E lá vou eu de novo, me enfiar no túnel enevoado do tempo, onde estão guardadas as memórias dos melhores dias de minha existência, como um viciado incorrigível. Que fazer, se é minha sina escrever sobre o passado.
Dizem alguns incautos que quem vive de passado é museu! Pois, então que seja! Devo ser um museu ambulante e sou orgulhoso se o sê-lo, pois que fazer se tudo isso é inerente ao meu ser, ao meu espírito, à minha alma?
Digo-vos que gosto muitíssimo de tudo isso, pois me aquece o coração, faz minha alma leve…

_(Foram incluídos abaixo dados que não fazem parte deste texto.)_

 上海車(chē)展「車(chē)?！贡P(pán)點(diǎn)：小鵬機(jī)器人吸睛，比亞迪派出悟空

Lembro daqueles dias, os quais trago vivos na memória, imagens nítidas de quando ainda no bairro dos Padovani as ruas eram todas de terra, e, eu juntamente com meus amigos, na época das nossas férias escolares, íamos de bicicleta pelas estradas do bairro do Paulino Galvão, e não raro topávamos com uma “boiada” sendo conduzida por Pedro Stefani, João Moreira e outros que o ajudavam no controle das reses.
Mais que depressa a gente largava encostada a bicicleta e subia num barranco para poder ver a boiada passar.

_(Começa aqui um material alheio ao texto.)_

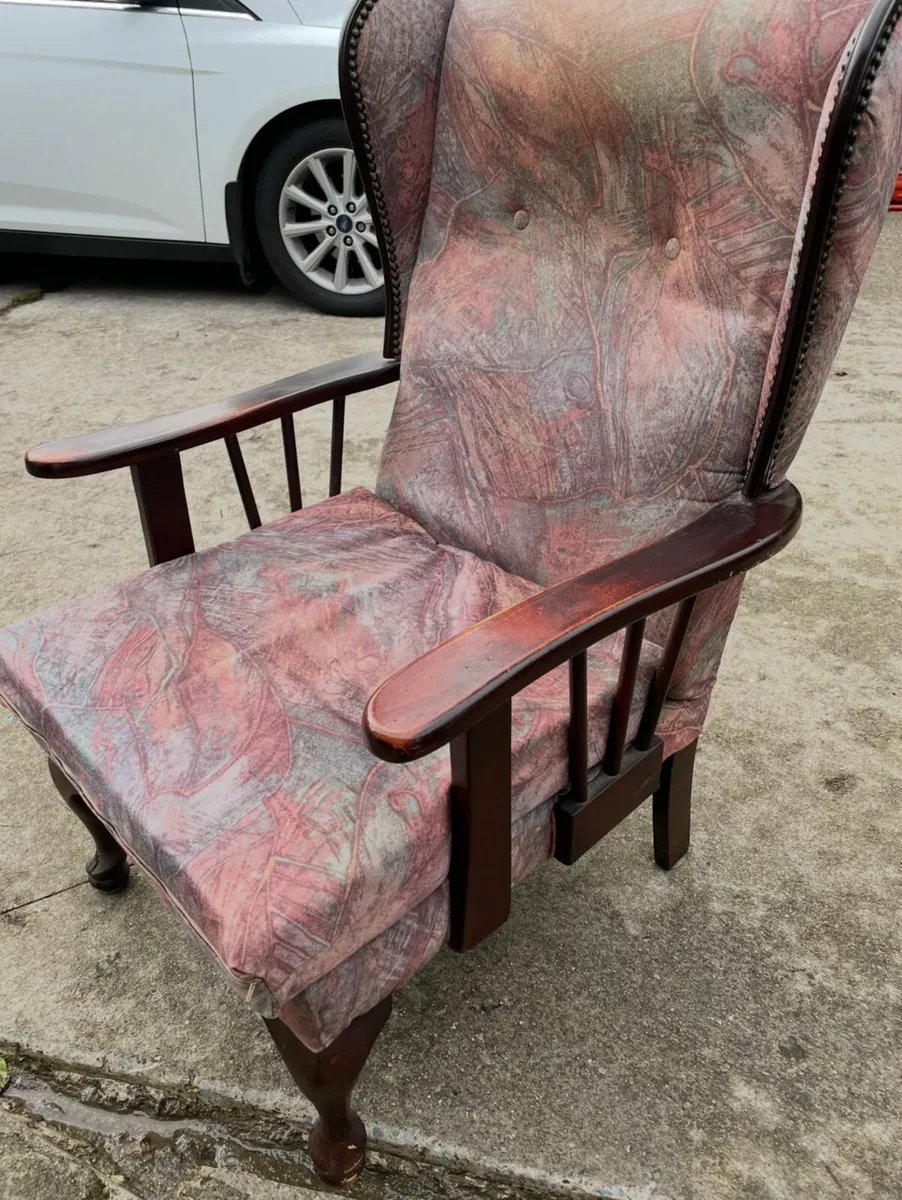 2 seater and 2 singles - Image 2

Os moradores do nosso bairro saiam às janelas para ver o que estava ocorrendo.
O lugar estratégico para nós crianças ficar a salvo dos bois, era um barranco que ficava no quintal do Luiz Ferro.

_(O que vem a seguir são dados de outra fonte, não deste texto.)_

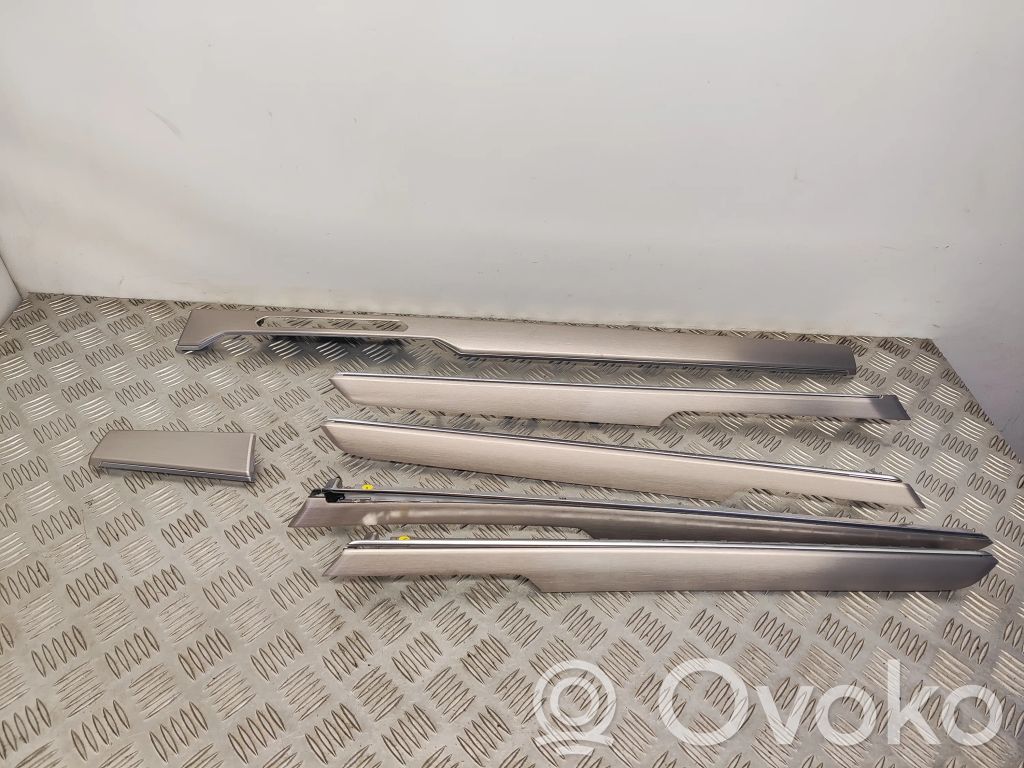 Volkswagen PASSAT B8 Ramka deski rozdzielczej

Os meus vizinhos de casa, Décio, Lézia e Dete, também corriam nas janelas, tal era o barulho que se fazia, quando misturava o mugido dos gados, os gritos dos peões e a gritaria da criançada que curiosos acompanhavam o gado até sumir na estrada.
A casa em que eu morava, ficava na rua Castro Alves, era a de número 40. Tinha um quintal enorme que para um menino da minha idade, era uma imensidão para ser explorado. Tinha uma horta e pomar, enormes e bem cuidados por todos da família. Até mesmo uma parreira de uvas brancas e também rosadas, que carregava de cachos nesta época do ano.
Quando caia a noite, já cansado das traquinagens do dia, o meu programa preferido, era ir assistir “A praça é nossa” na casa do meu inseparável amigo Cláudio Castro, filho do Zé Castro que tinha um bar na esquina vizinha da sua casa. Quando eles saiam para algum compromisso, eu corria para a casa da Dona Judite do Sr. Oscar. E assim, menino, eu alternava de casa em casa para poder ter alguma fonte de divertimento, pois na minha casa somente tínhamos o rádio.
Tinha um amigo nosso, que a gente chamava ele de “Chiquinho do Isaias” que muito criativo, nos proporcionava algum lazer, com um “cineminha” tosco, mas muito original, no qual com muita paciência ele recortava figuras de velhos gibis e colava num pano branco e acendia uma vela para iluminar as figuras que ele ia passando bem devagar, dando movimento a elas para todos poderem ver, enquanto ele interpretava as falas dos personagens.
A plateia formada apenas por meninos em número de uns doze, era animada. As estórias eram quase sempre de terror ou cowboy e no final sempre era anunciado os próximos episódios do dia seguinte, e, os moleques, com os olhos brilhantes, se perdiam na fantasia dos próximos capítulos…
Infelizmente nosso amigo querido, o Chiquinho se foi muito cedo, assim como muitos que frequentavam o cineminha, como nosso querido João Castro, irmão do Cláudio.
Hoje tudo isso são apenas lembranças de um tempo em que dinheiro algum poderia jamais comprar os prazeres da boa convivência e imaginação sem limites que se possuía numa época de poucos recursos.
Vencidos pelo cansado das atividades do dia, dormíamos muito cedo, pois a noite era sagrada para o descanso, mas logo que o galo cantava pela manhã, éramos chamados para um novo dia, convidados para um novo sonho de criança!